Phases of argument by induction

• Preparation -> most important
• Execution -> becomes routine if prep is good
• Checking -> second most important
• Satisfaction

Preparation

• isolate the property that you are trying to verify and the parameter, n, associated with is
  • e.g., min possible size of set of rank k is 2^n
• Confirm by hand that for small values of the parameter, the property is true
• Use previous cases as assumptions
• Pause and reflect
• If you understand what's going on -> proceed to execution

Execution

Technical and prescribed (once you're an expert you can take some liberties)

Four parts

• statement
• verificatio of base case
• inductive step
• conclusion

e.g.,

• we will prove that, for every non-negative integer n, insert property here
• For n = 0, The property is true because explicit verification of this case
• for any n > 0, assuming the property is true for n-1 (or, for all k < n), the property is true at n because explain why we can take a step up
• Therefore, by induction, the property is true for all n.

Checking

Basically debugging without a compiler to find errors

• have you forgotten anything? e.g., the base case
• Does the inductive step work fro 0 to 1? or are they irregular
• Make sure that you are only assuming the result for things less than n
• ideally show someone and try to convince them (dont let them be polite)
• if necessary go back to execution or preparation

Satisfaction

Commence satisfaction.
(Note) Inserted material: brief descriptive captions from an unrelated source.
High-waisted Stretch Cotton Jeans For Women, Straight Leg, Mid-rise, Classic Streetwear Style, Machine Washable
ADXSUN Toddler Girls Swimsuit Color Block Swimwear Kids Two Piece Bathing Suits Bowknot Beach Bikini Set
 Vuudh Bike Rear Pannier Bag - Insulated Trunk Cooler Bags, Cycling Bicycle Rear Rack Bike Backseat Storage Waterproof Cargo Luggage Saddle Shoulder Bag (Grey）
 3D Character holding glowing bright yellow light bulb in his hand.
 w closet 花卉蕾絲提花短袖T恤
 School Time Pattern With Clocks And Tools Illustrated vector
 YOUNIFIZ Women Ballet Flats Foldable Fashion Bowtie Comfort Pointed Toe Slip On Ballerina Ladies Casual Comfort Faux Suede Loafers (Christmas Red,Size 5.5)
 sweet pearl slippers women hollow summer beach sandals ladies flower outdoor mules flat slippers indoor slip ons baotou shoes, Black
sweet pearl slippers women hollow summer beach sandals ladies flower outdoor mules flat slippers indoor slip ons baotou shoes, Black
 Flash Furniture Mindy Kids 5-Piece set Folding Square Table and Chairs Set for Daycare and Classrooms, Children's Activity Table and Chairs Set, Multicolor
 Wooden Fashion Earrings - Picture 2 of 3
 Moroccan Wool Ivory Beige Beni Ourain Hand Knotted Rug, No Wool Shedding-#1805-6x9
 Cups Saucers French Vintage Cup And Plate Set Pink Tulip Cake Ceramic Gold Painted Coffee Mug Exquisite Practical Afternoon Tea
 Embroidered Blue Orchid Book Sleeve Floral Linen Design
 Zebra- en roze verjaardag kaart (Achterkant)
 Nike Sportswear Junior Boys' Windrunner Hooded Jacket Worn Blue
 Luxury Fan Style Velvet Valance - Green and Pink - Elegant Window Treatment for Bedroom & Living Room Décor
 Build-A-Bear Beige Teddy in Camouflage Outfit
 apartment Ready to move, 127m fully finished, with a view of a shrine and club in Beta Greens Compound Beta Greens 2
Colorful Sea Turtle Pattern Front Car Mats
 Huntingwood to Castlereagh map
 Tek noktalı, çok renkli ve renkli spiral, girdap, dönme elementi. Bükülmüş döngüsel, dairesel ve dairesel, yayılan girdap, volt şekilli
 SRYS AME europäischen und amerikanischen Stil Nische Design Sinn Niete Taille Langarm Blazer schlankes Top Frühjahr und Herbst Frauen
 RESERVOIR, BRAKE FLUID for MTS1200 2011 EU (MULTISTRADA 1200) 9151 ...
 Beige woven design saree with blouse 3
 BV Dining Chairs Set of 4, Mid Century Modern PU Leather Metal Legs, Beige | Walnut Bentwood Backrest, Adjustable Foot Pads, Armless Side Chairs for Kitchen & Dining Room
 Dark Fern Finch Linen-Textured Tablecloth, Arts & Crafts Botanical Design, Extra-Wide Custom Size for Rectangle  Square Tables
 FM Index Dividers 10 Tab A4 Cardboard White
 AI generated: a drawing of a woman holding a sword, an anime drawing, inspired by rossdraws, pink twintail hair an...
Confidence +100. 😆

Examples

Union Find - min size for set of rank k

• Initially every element is its own representative and every element has rank 0;
• when we do a union operation, the the two reps have different ranks, the ranks stay the same
• when we do a union operation, if the two reps have the same rank, then the rank increases

minimum (and only) size of a rank 0 rep is 1

to get a rank 1 representative, we form a union of either a rank 0 and a rank 1 set or two rank 0 sets for the minimum possible size, it must be the second case, and the two rank 0 sets must be each of minimum size 1, so this gives minimum size for a rank 1 set of 2

To get a rank 2 rep, we form a union of either rank 2 and rank 0 or 1 set, or two rank 1 sets For the minimum possible size, it must be the second cae, and the two rank 1 sets must each be of minimum size 2, so this gives minimum size for a rank 2 set of 4

To get a rank n rep, we form a union of either rank n and rank k set for some k<n or two rank n-1 sets. For the minimum possible size, it must be the second cae, and the two rank n-1 sets must each be of minimum size, which we are assuming 2^(n-1), so this gives minimum size for a rank n set of

2^{n-1} + 2^{n-1} = 2\times2^{n-1} = 2^n